Benim yarama dokundunuz. En hassas olduğum husus burasıdır. Türkiye maalesef enerji teknolojilerinin yerlileştirilmesi konusunda yeteri kadar iyi adım atamadı. Örneğin savunma sanayiinde uzun yıllara dayanın bir yerlileşme politikası var. Teknoloji transferi anlaşmaları, yerli ürünler ve teknolojiler ortaya çıkarmıştır. Benzeri bir strateji başka alanlarda pek hayata geçememiştir.
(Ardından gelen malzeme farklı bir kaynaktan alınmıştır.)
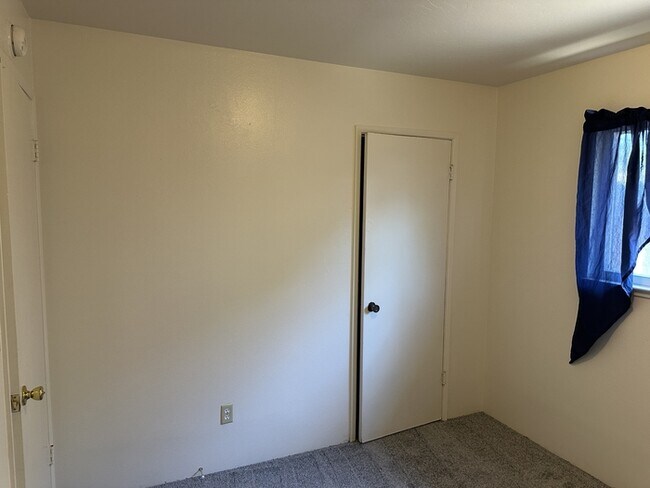 Building Photo - Welcome to Woodside Drive! Opportunity awa...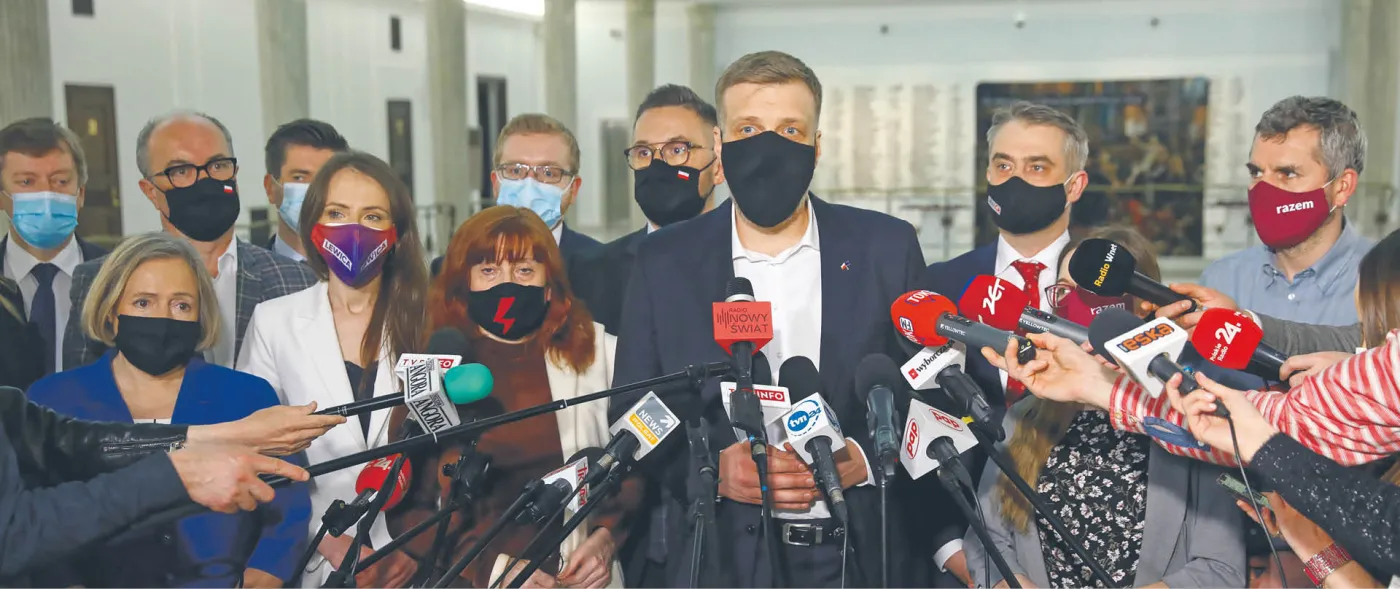 Spór o Fundusz Odbudowy zresetował polską politykę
Zaten bir anlamda bunu da bertaraf etmek için AK Parti hükümetleri tarafından enerji sektöründe yerli katkı payı konsepti geliştirildi. Nükleerde yerli üretim konusunda sözleşmelere ciddi maddeler konuldu. İnşallah çalışır diyelim.
Teknoloji dediğiniz şey de bugünden yarına olacak şey değil ama...
Evet, Türkiye'nin belki gelecek 20-30 yıllık dönem için bugün her şey sıfırdan başlıyormuş gibi bir enerji ARGE stratejisi belirlemesi lazım. Aslında bunlar kısmen var. Parça parça işler yapılıyor. Fakat ben geçenlerde Japonya'da bir think-tank kuruluşuna, Japon Enerji Ekonomisi Enstitüsü’ne gittim. Dünyada en iyi çalışan ajans olduğu söyleniyor. 200 çalışanı var, 130'u ARGE mühendisi. Dünyanın en büyük araştırma laboratuvarları enerjiyle bir şekilde alakalı. En büyük bilgisayarlar enerji bakanlığı ve benzeri kuruluşların bünyesinde.
Bizde nedir ARGE durumu?
Bizim oynamayı arzu ettiğimiz lig, ARGE’nin, teknolojinin, know-how'un, patentlerin olduğu bir lig. Bu 10, 15, hatta 30 yıllık bir perspektif. Bu açıdan baktığımız zaman şahsen ben ilgili Bakanlıklarımızın işin bu boyutunda da çok ciddi adımlar atmasını beklerim. Çok iyi laboratuvarlar, çok iyi test merkezleri kurulması için bugün adım atsak 10 yıl sonra iyi bir noktaya geliriz. Ama beş yıl sonra adım atarsak 25 yıl sonra mükemmel hale gelirler. Biz kendi teknolojimizi geliştirmediğimiz sürece orta gelir tuzağından kurtulamayız. Bütün sektörlerde bugüne kadar verilen teşvikler kısmen faydalı olmuştur. Bir üst sınıfa sıçrama için büyük araştırma laboratuvarlarının kurulması, patentlerin iyi çalışması ya da çok ciddi bir yatırım gerekir. Yepyeni bir dünyada yaşıyoruz. Çok değişen bir sektördeyiz. Üniversitelerimizin, araştırma kurumlarımızın, yatırımcılarımızın, profesyonellerimizin, bakanlıklarımızın, regülatör kuruluşlarımızın bu değişime ayak uydurması lazım. Bence bunun daha çok bilgi üreten, daha çok teknoloji üreten, uluslararası etkileşimi ve netwörkü daha güçlü bir yapıya dönüşmesi gerektiği kanaatindeyim.